- **YOUR ASSIGNMENT**
Once the line holding "istock Interior of" is found in the entries below, transcribe exactly every line up to and including the one holding "Volkswagen Touareg б/у, 2013, Автоматическая.", but leave out the pictures.

- **MATERIALS PROVIDED**

++++++++

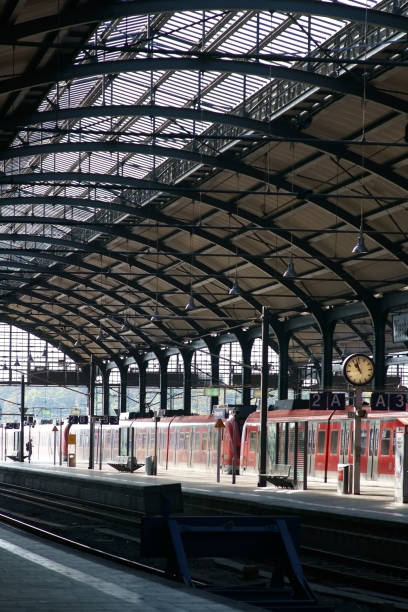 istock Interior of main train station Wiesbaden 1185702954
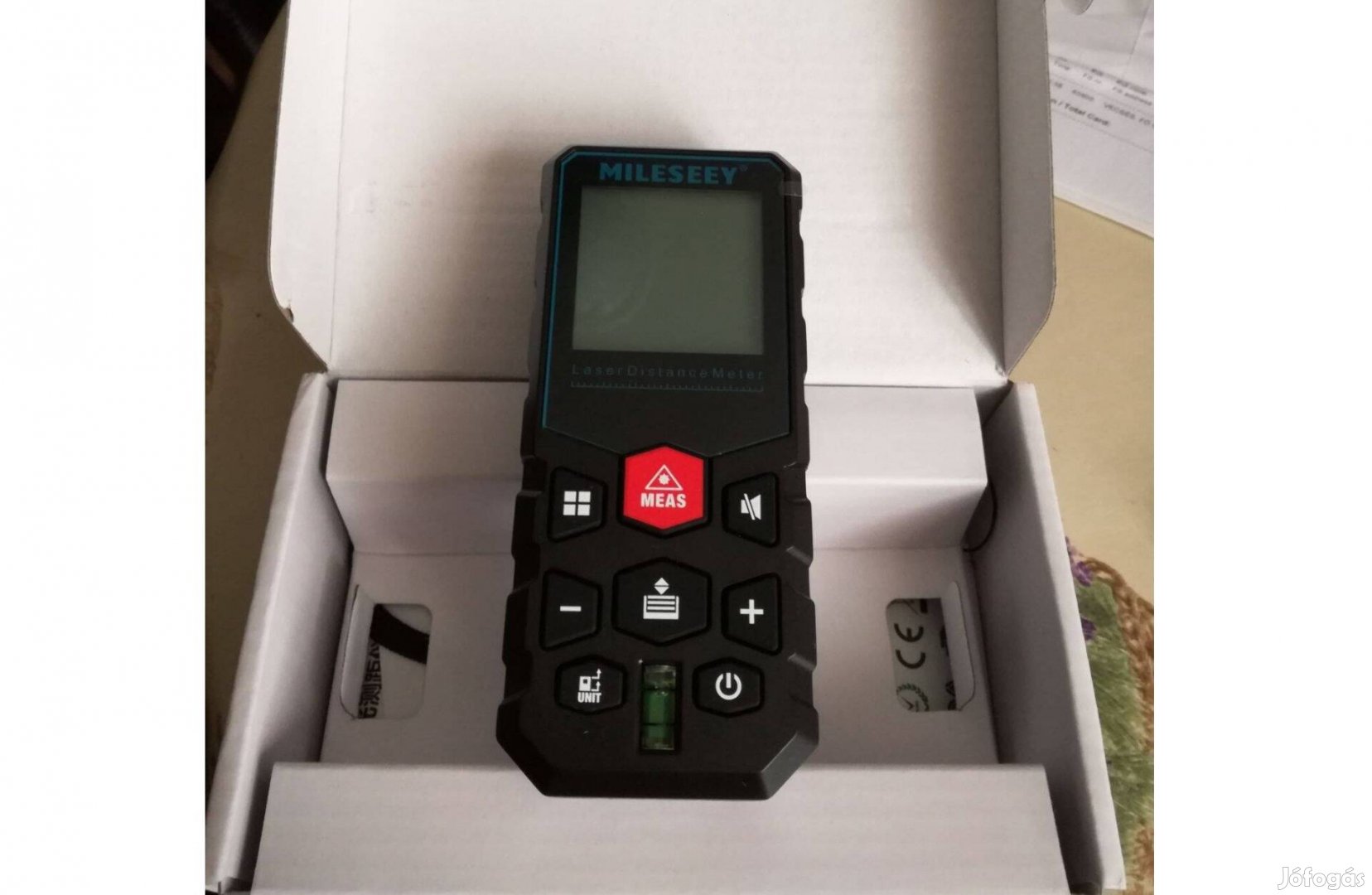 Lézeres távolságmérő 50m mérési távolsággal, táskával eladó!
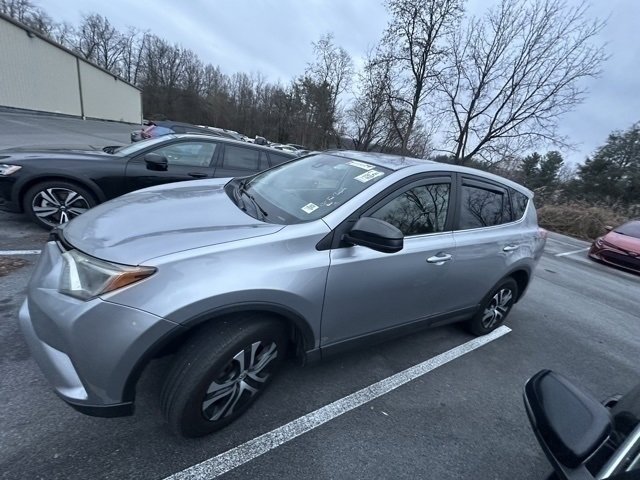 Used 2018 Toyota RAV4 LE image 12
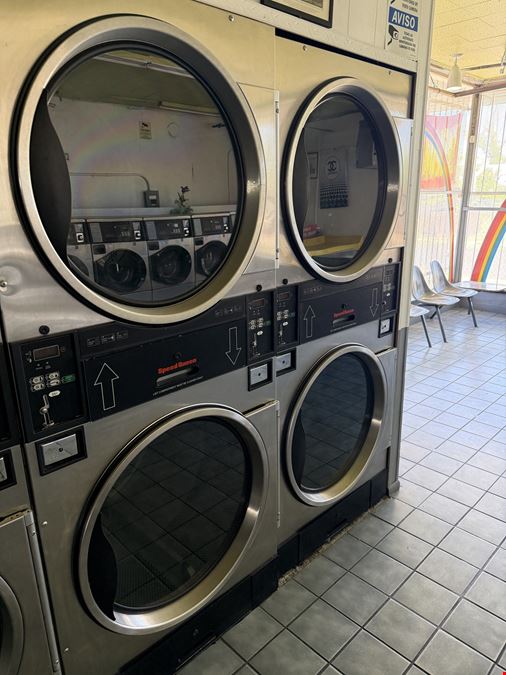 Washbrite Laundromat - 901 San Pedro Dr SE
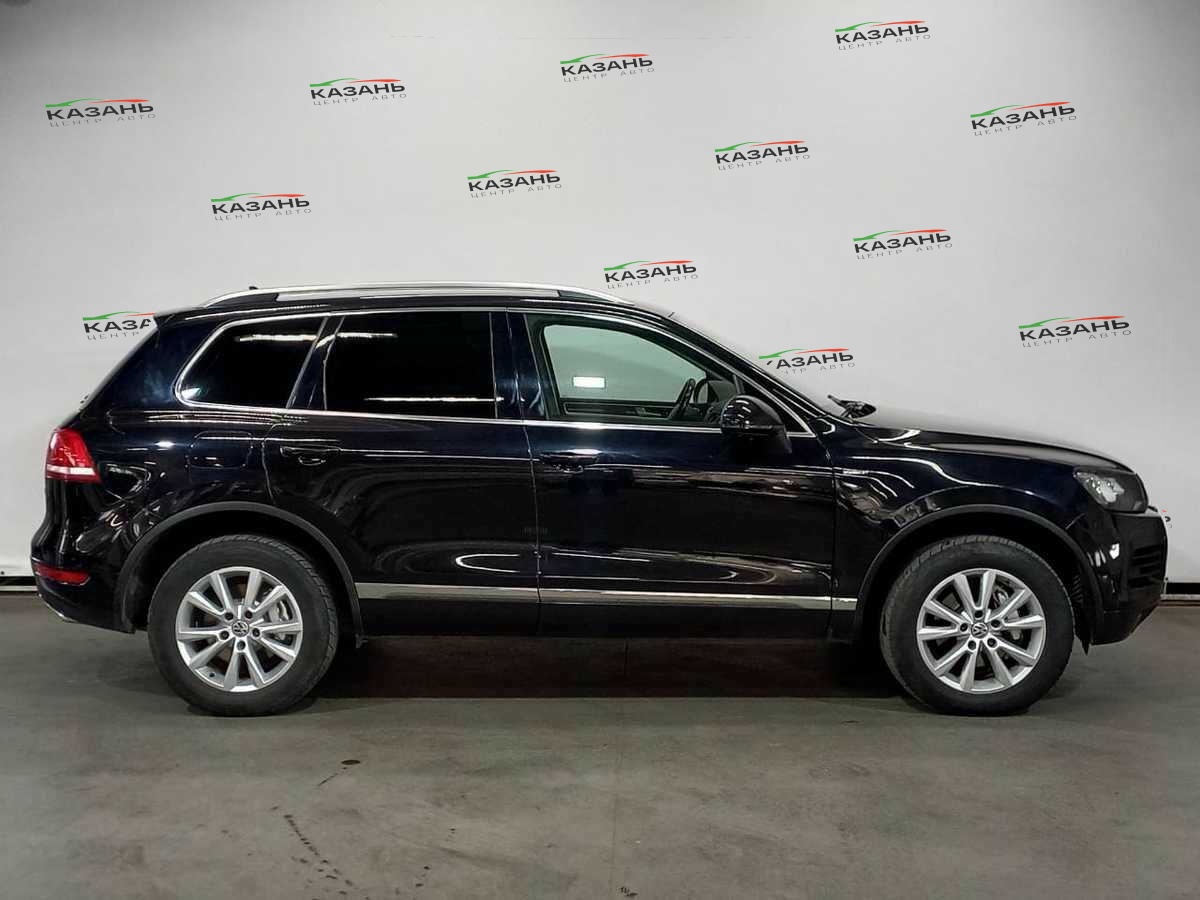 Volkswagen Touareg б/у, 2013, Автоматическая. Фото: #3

++++++++

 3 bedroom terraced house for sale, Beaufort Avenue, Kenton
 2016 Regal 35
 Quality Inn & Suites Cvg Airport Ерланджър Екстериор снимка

++++++++

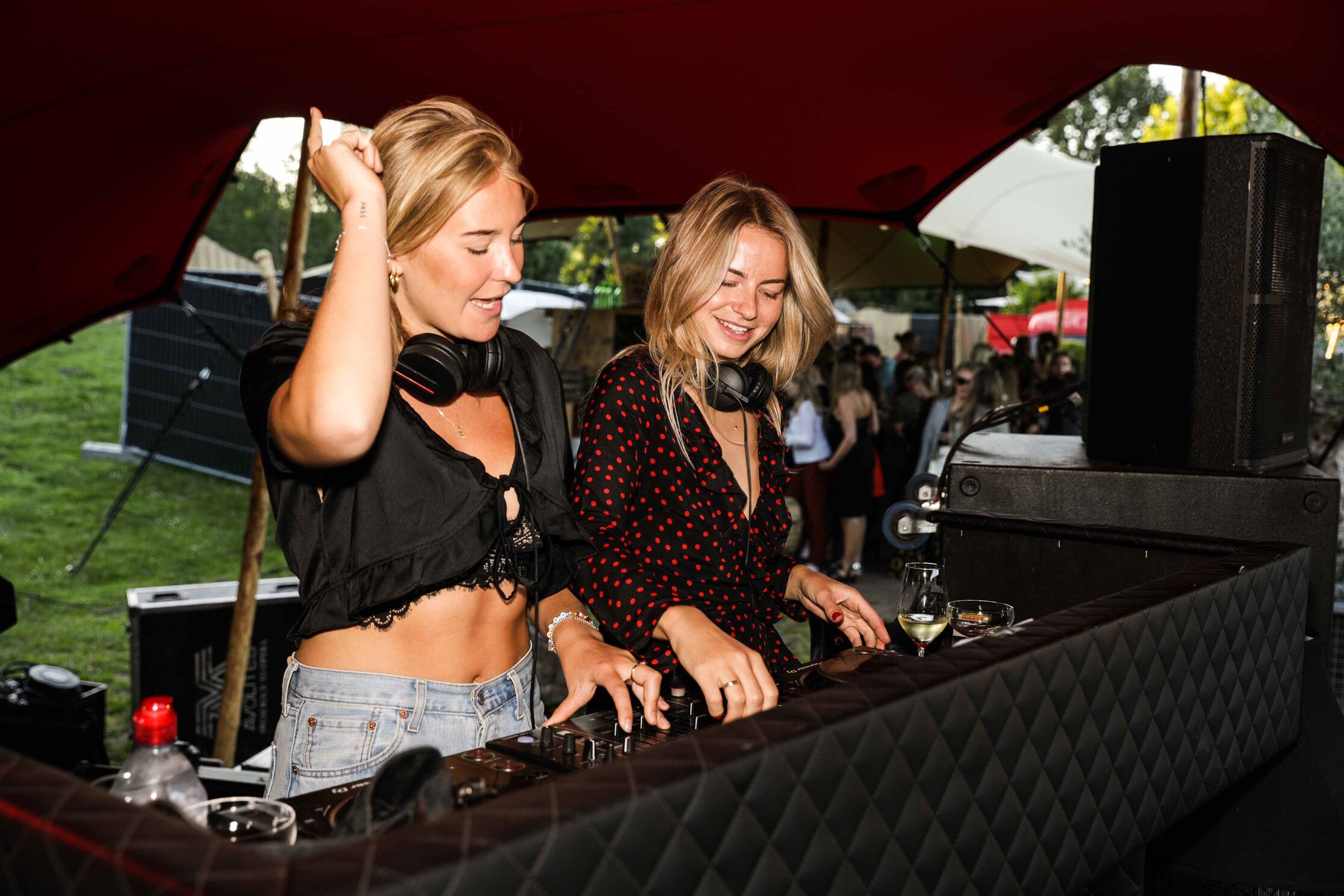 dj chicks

++++++++

- **ANSWER SPACE**
 istock Interior of main train station Wiesbaden 1185702954
 Lézeres távolságmérő 50m mérési távolsággal, táskával eladó!
 Used 2018 Toyota RAV4 LE image 12
 Washbrite Laundromat - 901 San Pedro Dr SE
 Volkswagen Touareg б/у, 2013, Автоматическая. Фото: #3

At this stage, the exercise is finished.